Leaving out every picture, copy the lines of the material below exactly, from the line containing "Parmak Kaykay Oyuncakları" through the line containing "ZESTAW WIERTEŁ TREPANACYJNYCH TCT 13SZT".

### Provided entries
▼▼▼
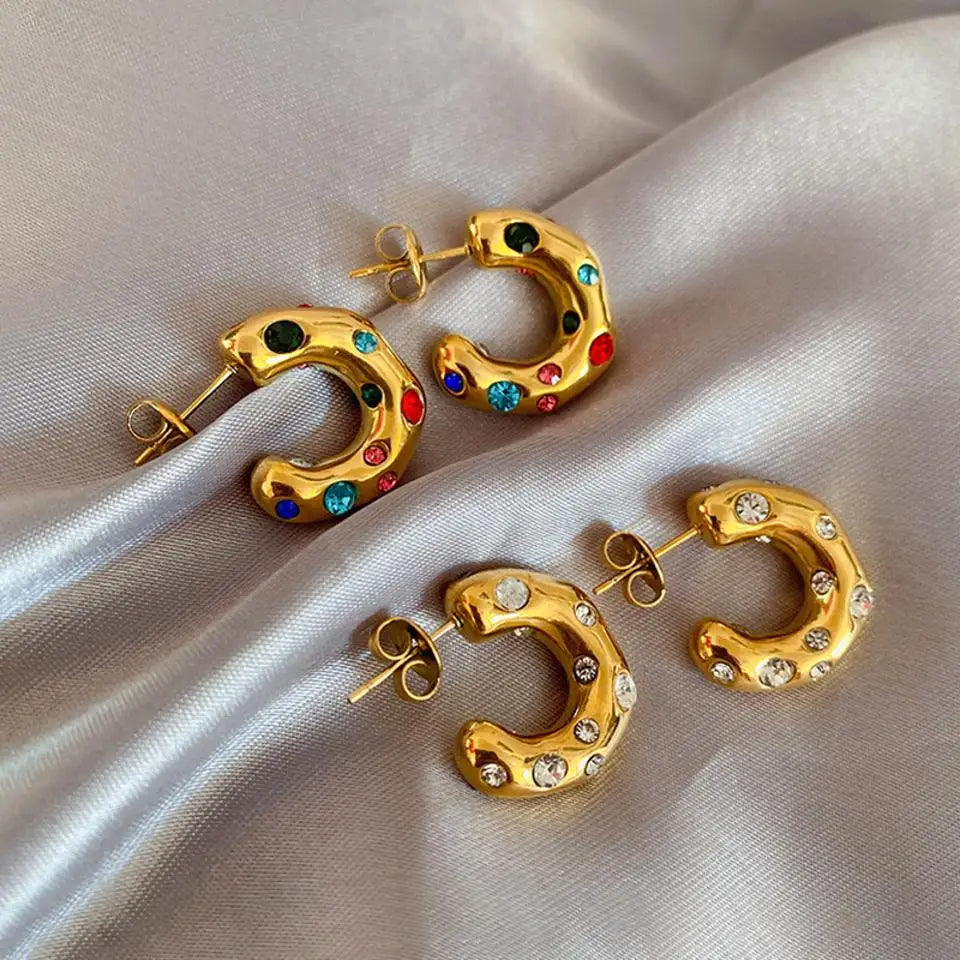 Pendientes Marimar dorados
▲▲▲
▼▼▼
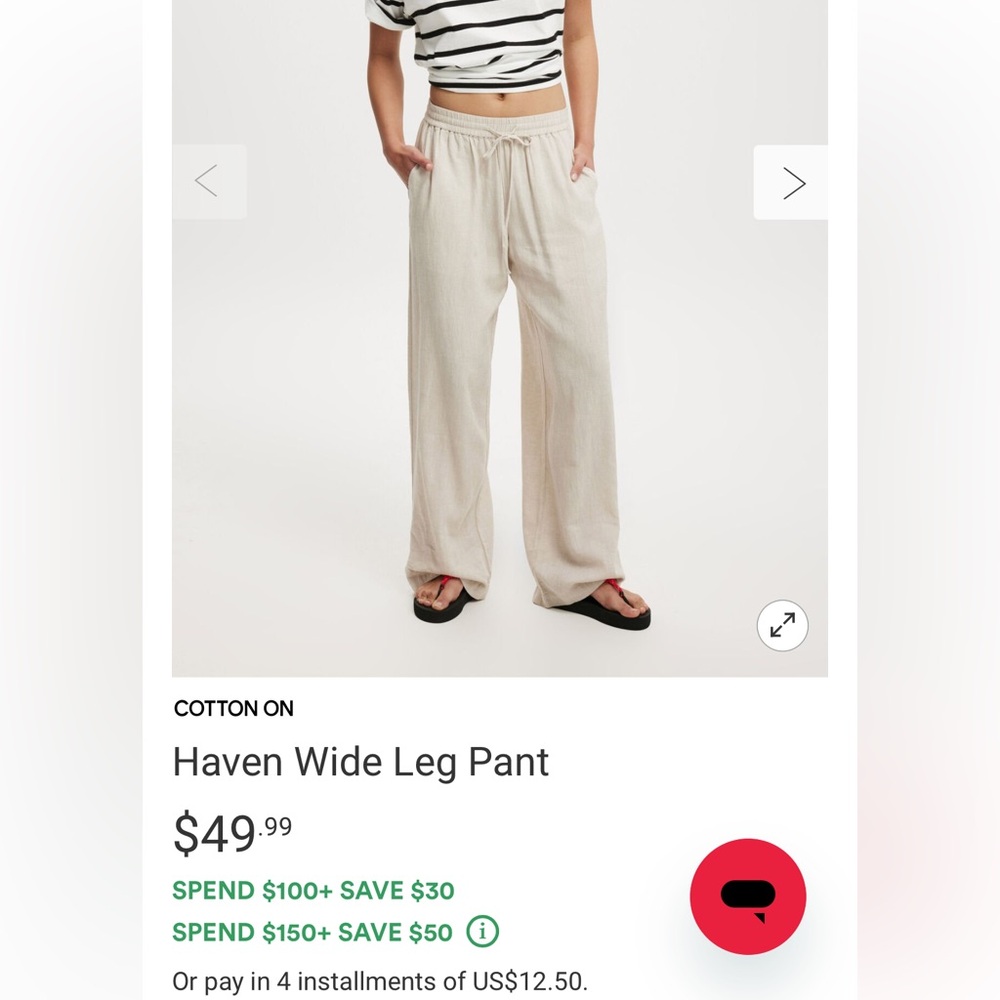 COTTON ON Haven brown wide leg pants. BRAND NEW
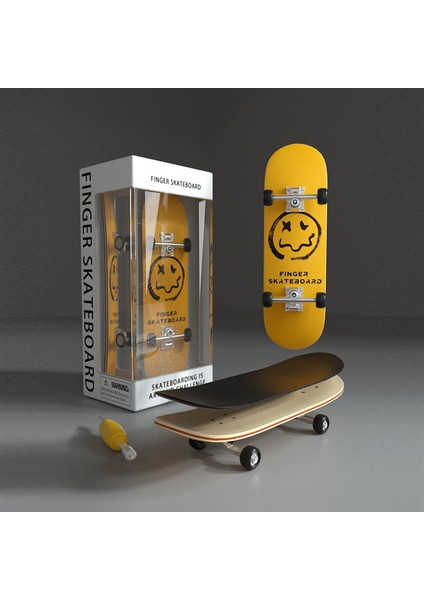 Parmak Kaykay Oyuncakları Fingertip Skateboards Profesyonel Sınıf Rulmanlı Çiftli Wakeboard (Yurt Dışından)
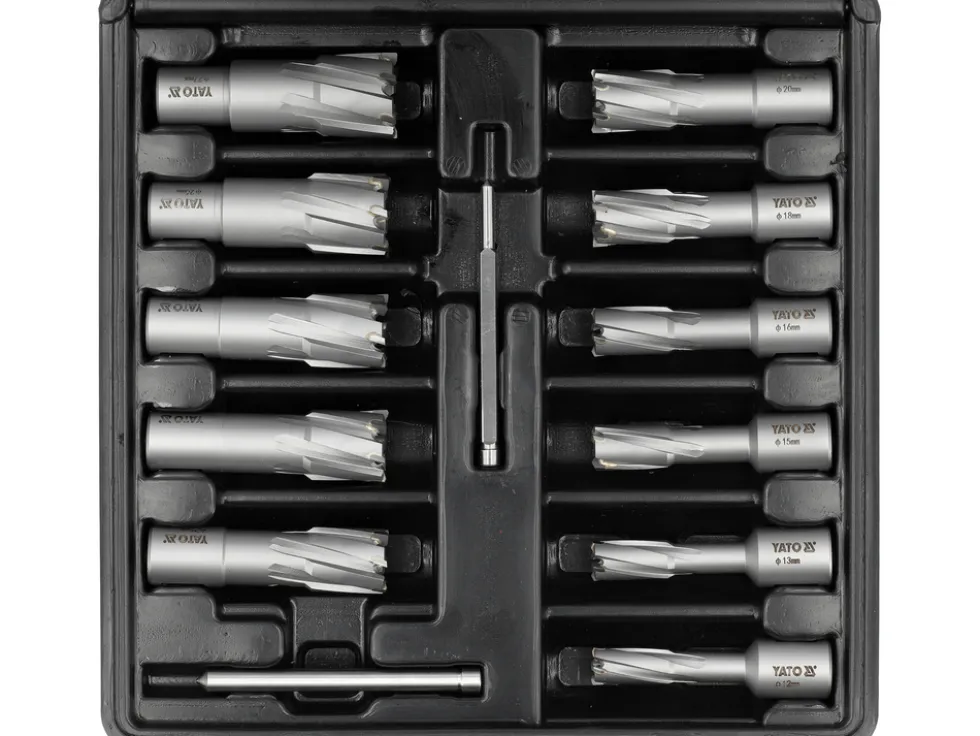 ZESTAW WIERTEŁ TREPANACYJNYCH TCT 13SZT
▲▲▲
### Output of the task
 Parmak Kaykay Oyuncakları Fingertip Skateboards Profesyonel Sınıf Rulmanlı Çiftli Wakeboard (Yurt Dışından)
 ZESTAW WIERTEŁ TREPANACYJNYCH TCT 13SZT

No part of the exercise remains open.